MY BEST ADVICE

Surround Yourself with Positive Influences

Years ago Saturday Night Live came out with a character who could kill a festive gathering in four seconds flat. “Debbie Downer” would show up at her friend Ronnie’s thirty-fifth birthday party, for example, and when offered a piece of yummy birthday cake by the host say, “None for me. With all the refined sugars we’re eating, America’s experiencing a virtual epidemic of juvenile diabetes.” As the rest of the group’s shoulders slumped in the awkward silence that always followed Debbie’s remarks, you’d hear the strains of the deflating, downer-chords play: whan-whan.

When I started to make positive changes in my life, I unwittingly became a real-life Debbie Downer. And nobody likes Debbie Downers. I always had been the Funny Fat Friend, but now that I was slimming down, increasingly, people were uncomfortable around me. They assumed I’d judge their food choices, criticize their lack of exercise and suck the fun right out of the room. All of a sudden the people I knew and loved felt not encouraged but indicted by my improvement. It was a reaction I hadn’t expected.

Before I went on The Biggest Loser, my closest friends and I had a girls’ night about once a month. Most of us were overweight, and it was a night when we could shove our diets aside for a few hours and feast on all our favorite indulgences—which always included Oreos, nachos and other pillars of wholesome healthfulness. Interestingly, when I came back from campus, nobody wanted to have a girls’ night with me. “We can’t have that type of food … Julie’s going to be there!” Whan-whan.

“Girls, it’s still me!” I wanted to remind them. “Even without a six-inch stack of nachos on my plate, I’m still the Julie you know and love!” But it was no use. They weren’t too sure what to make of my weight-loss progress, and I wasn’t too sure what to make of them.

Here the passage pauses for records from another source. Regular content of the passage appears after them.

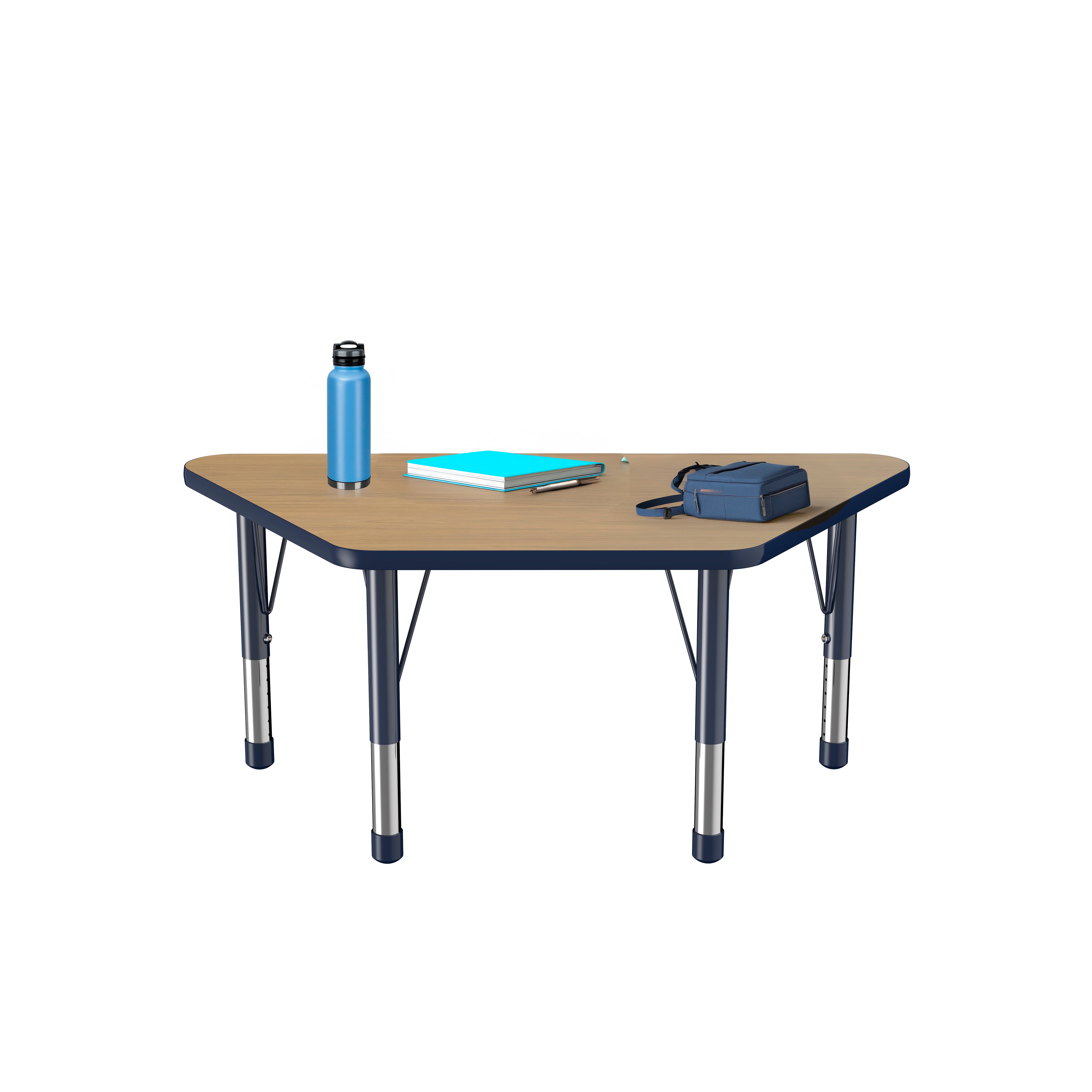 24" x 48" Trapezoid T-Molding Activity Table with Adjustable Chunky Legs - Pasadena Oak/Navy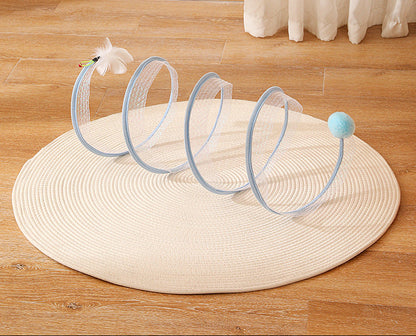 S-Shaped Foldable Cat Tunnel Toy — Collapsible Spring Tunnel for Cats
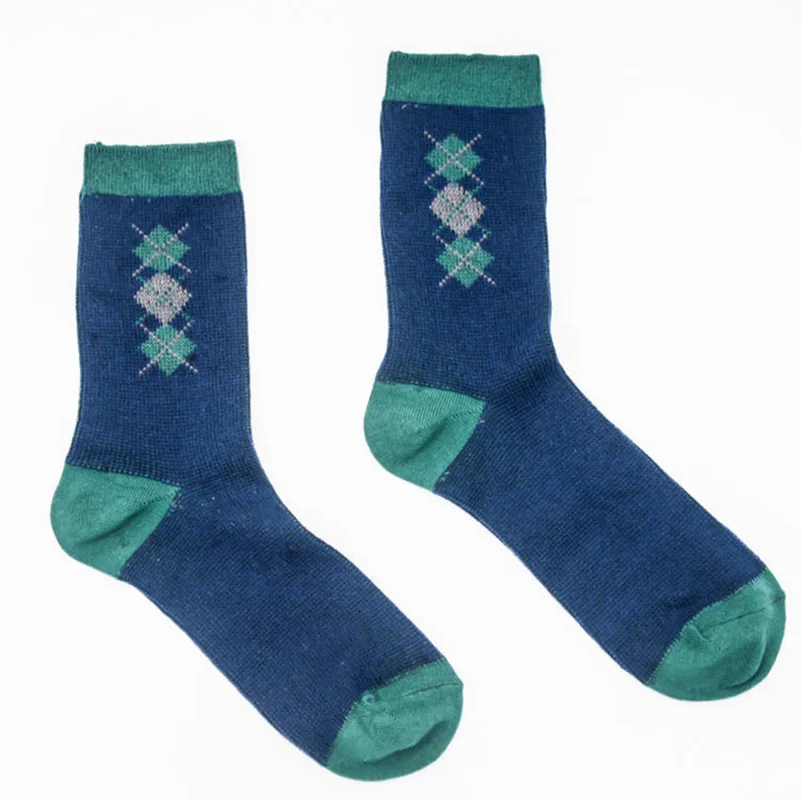 5 пар мужские носки Демисезонный толстые линии двойной иглой Гладкий Бесшовные Высокое качество Эластичность чесаный хлопковые носки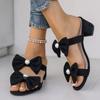 Fashion Summer New Style Thick Heel Sandals Women Fashion Square Head Open Toe Butterfly Knot Anti-slip Wear Slippers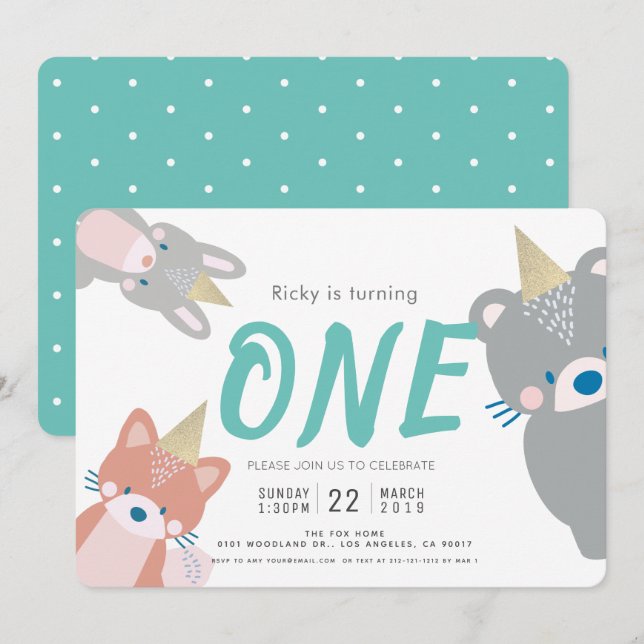 Woodland Animals White Teal Boy 1st Birthday Inbjudningar (Fram/baksida)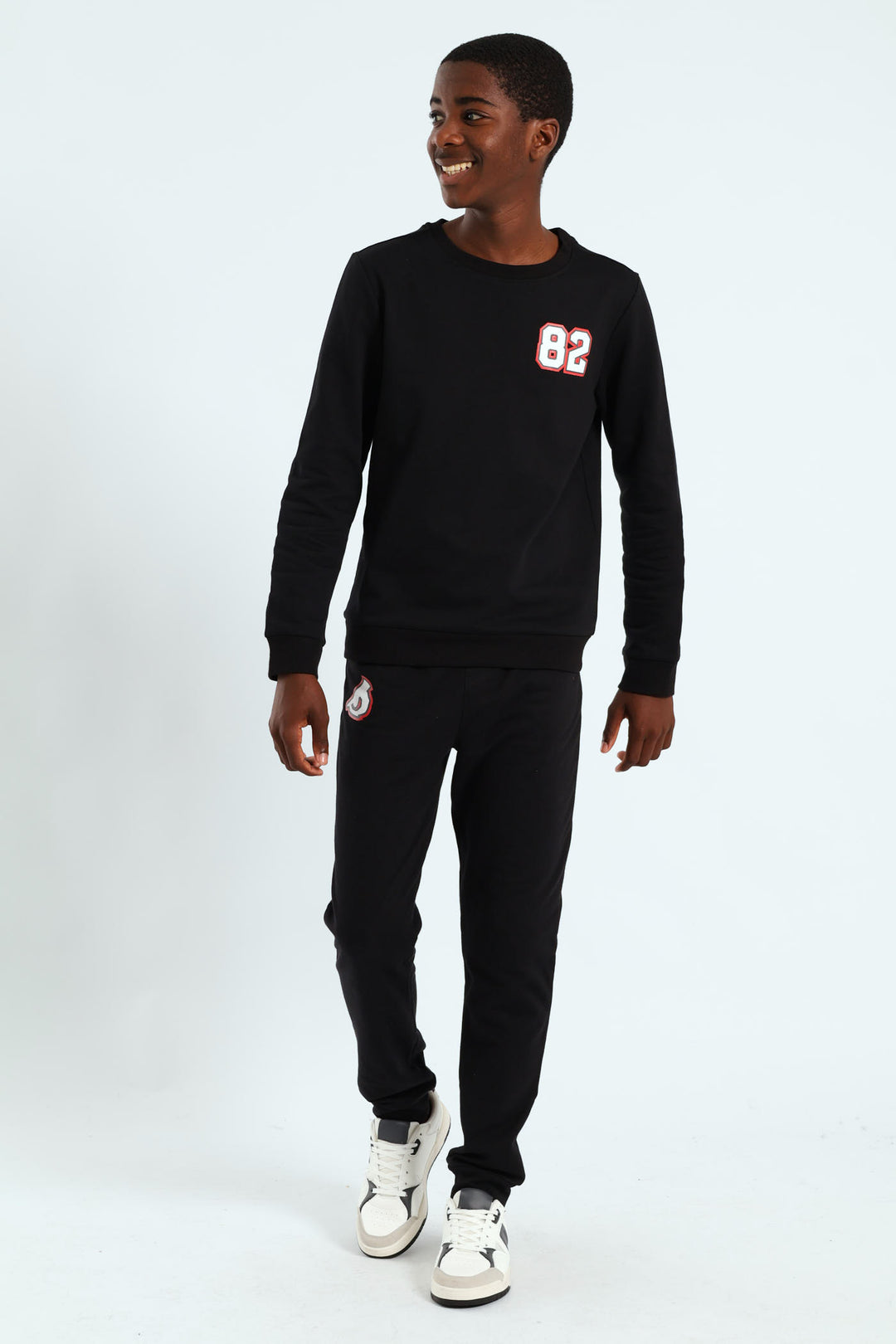 Boys Street Rebel Crew Sweater - Black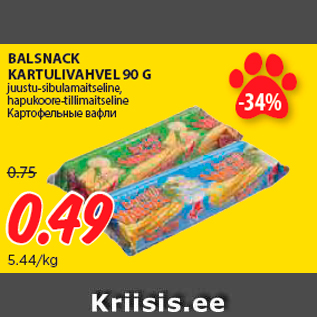 Allahindlus - BALSNACK KARTULIVAHVEL 90 G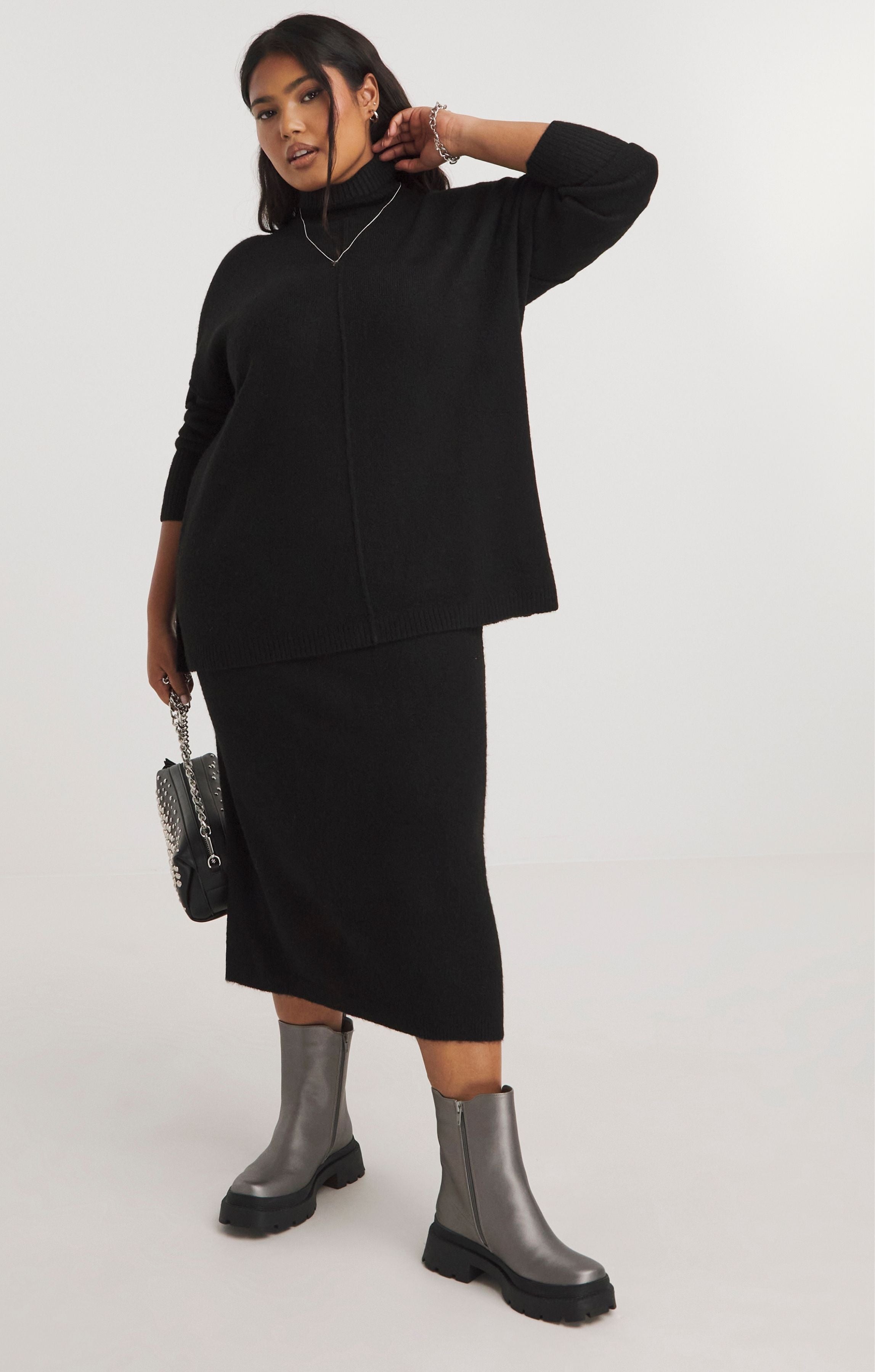 Simply Be Black Roll Neck Longline Jumper product image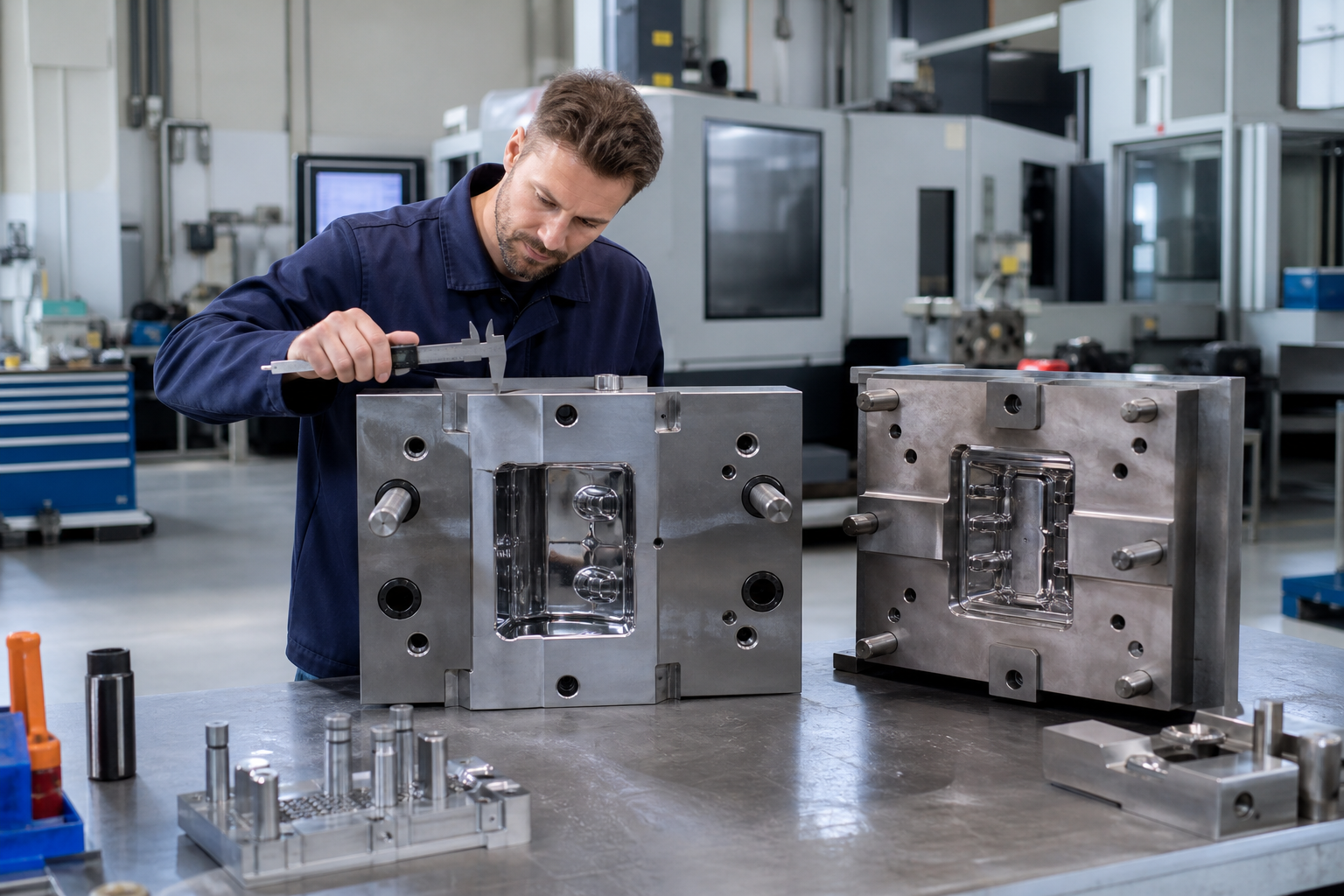 Two-shot molding tooling review with dual cavity inserts and sample plastic parts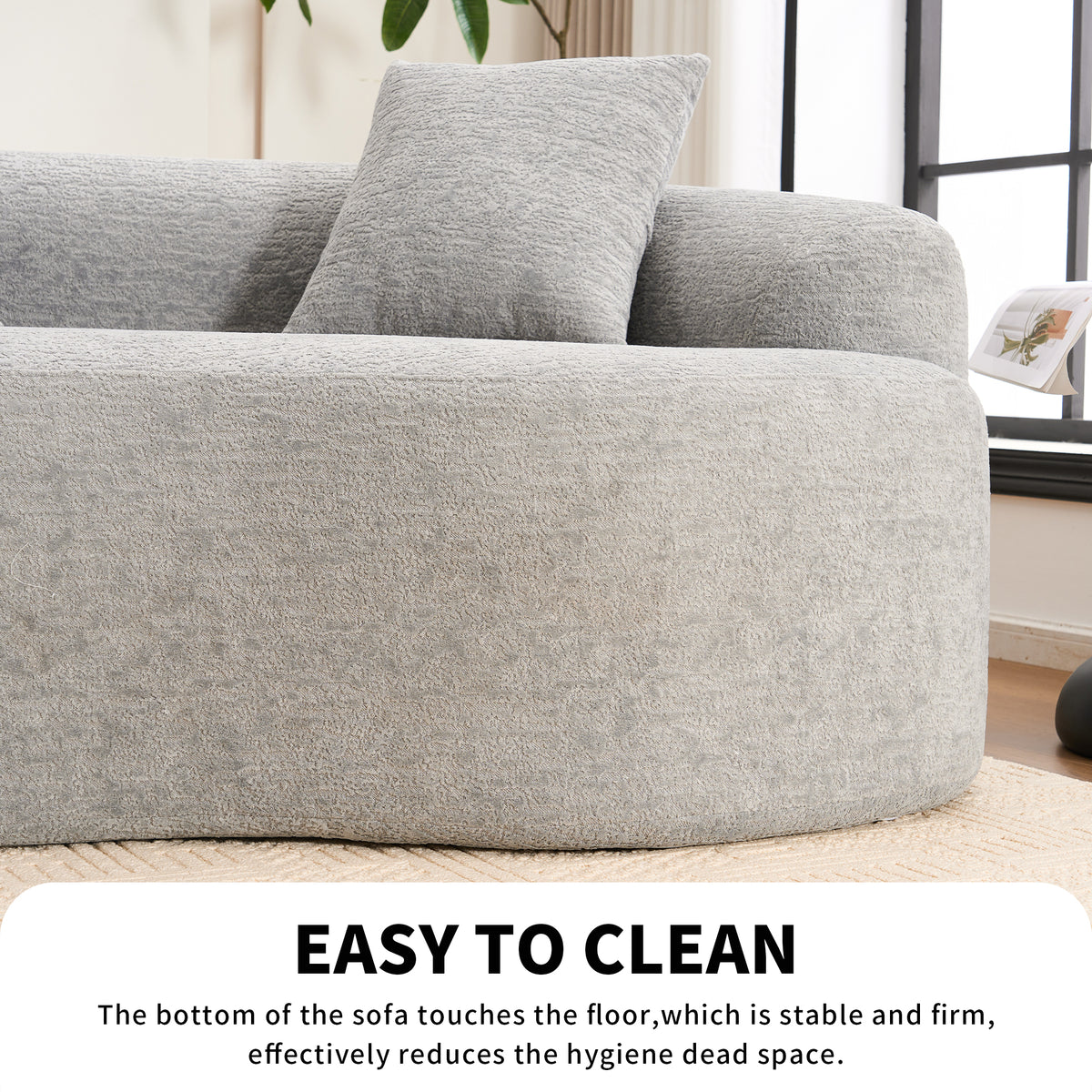 Grey curved modular sofa in chenille fabric by Anthony & Home, showcasing a stylish, comfortable sectional design.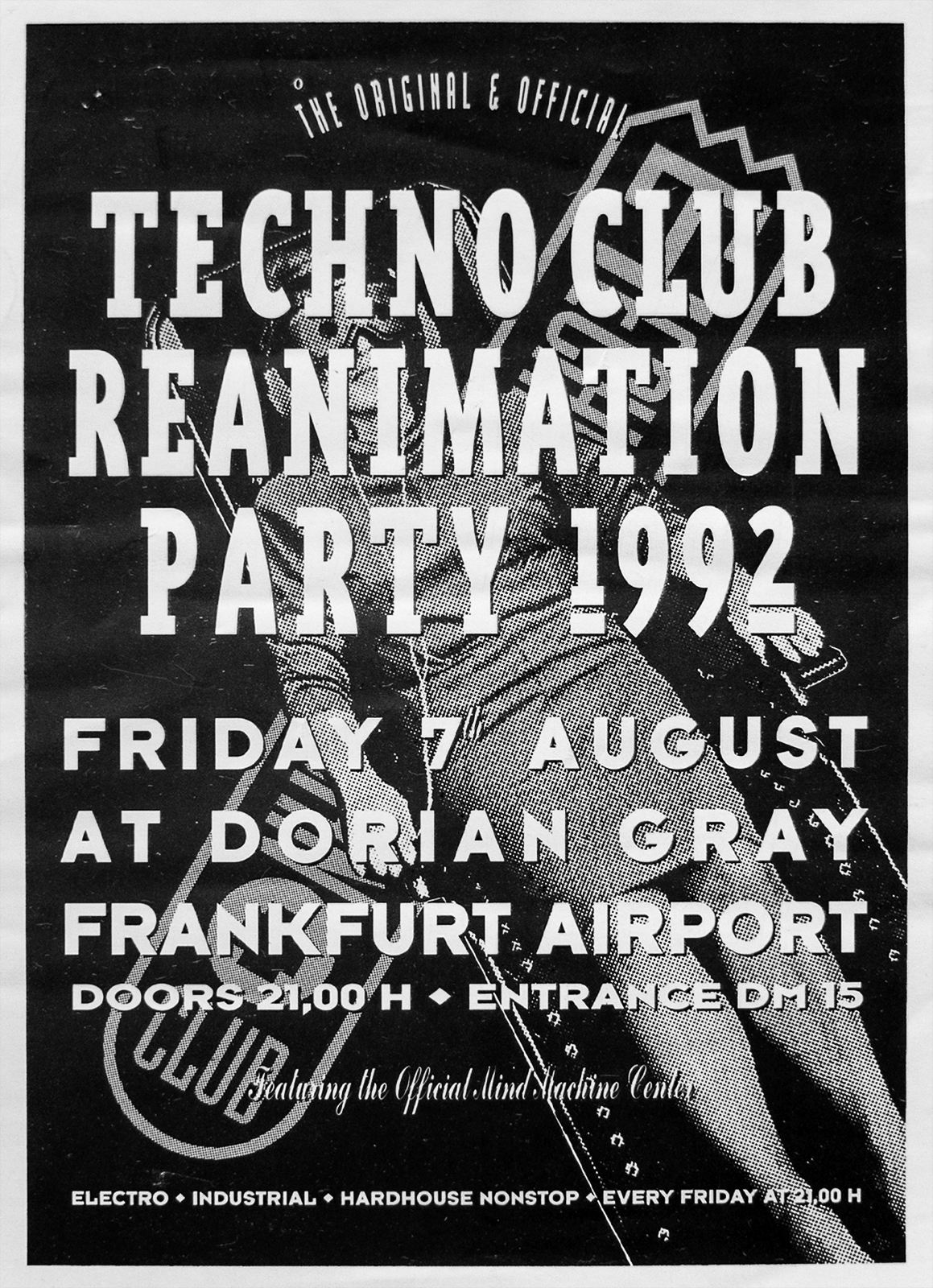 Techno-Party-Flyer aus dem Dorian Gray in Frankfurt 1992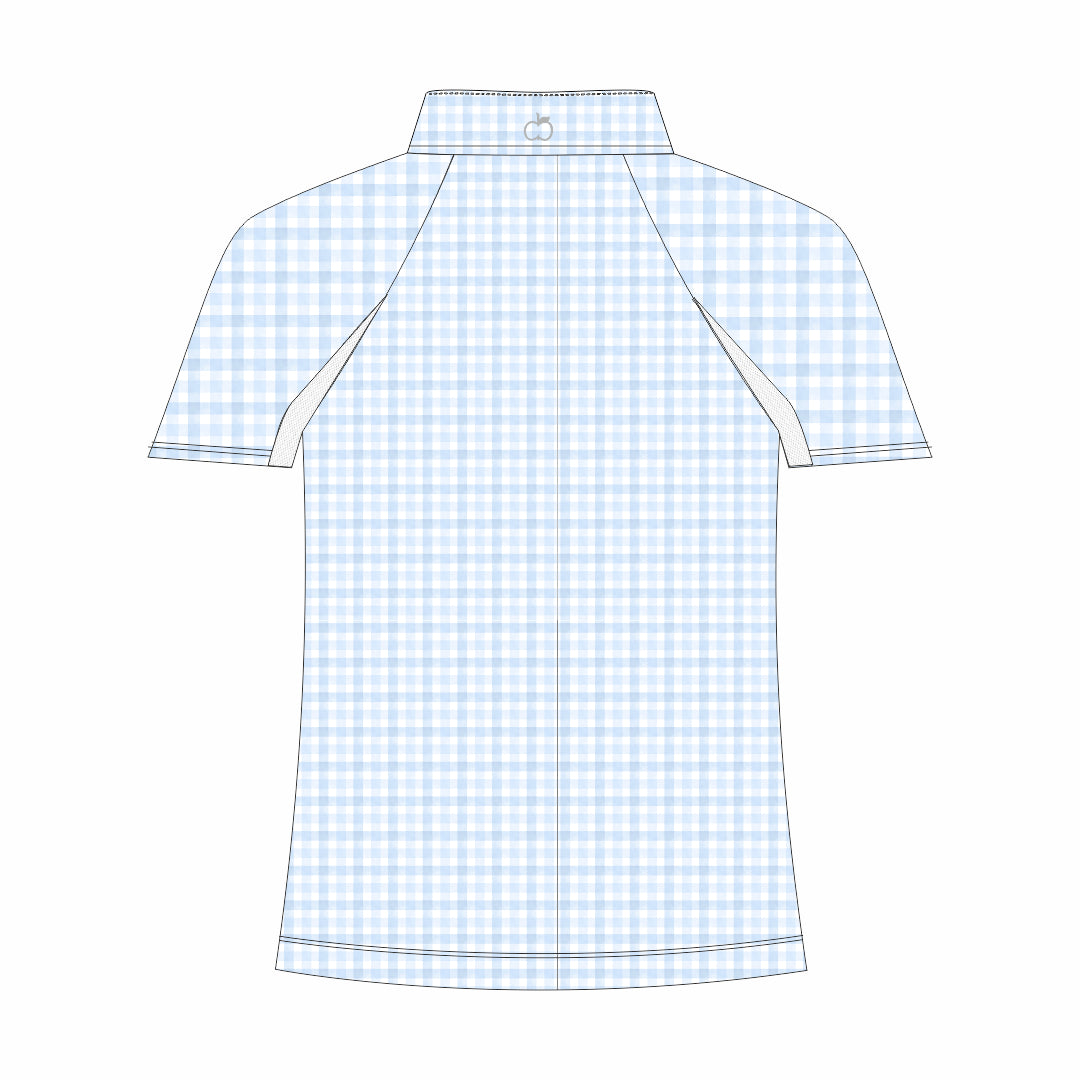 Dapplebay Kids Blue Gingham 1/4 Zip - Short Sleeve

I learned a valuable lesson during those first weeks back: When you undergo dramatic change, there is a period of time when you exist in a lonely middle ground. For many months I no longer fit in with my fat friends, but I wasn’t part of the “skinny club” yet either. I was a girl without a group, which for a social butterfly is the worst kind of girl to be. Did I want to feel accepted, or did I want true transformation more? On some days that was an impossibly tough question to answer.

Over time I sought out a support system of people who really did want the best for me, whatever that might mean. I needed a handful of friends who would push me toward my potential, who would pick me up when I floundered and who would cheer for me over even the smallest success. And interestingly, as I surrounded myself with those positive influences, my old friends came around too. They saw that despite my outer transformation, the inner me was still the same. They resolved to stick with me, no matter what my weight. And finally, they stopped with that annoying whan-whan every time I entered a room.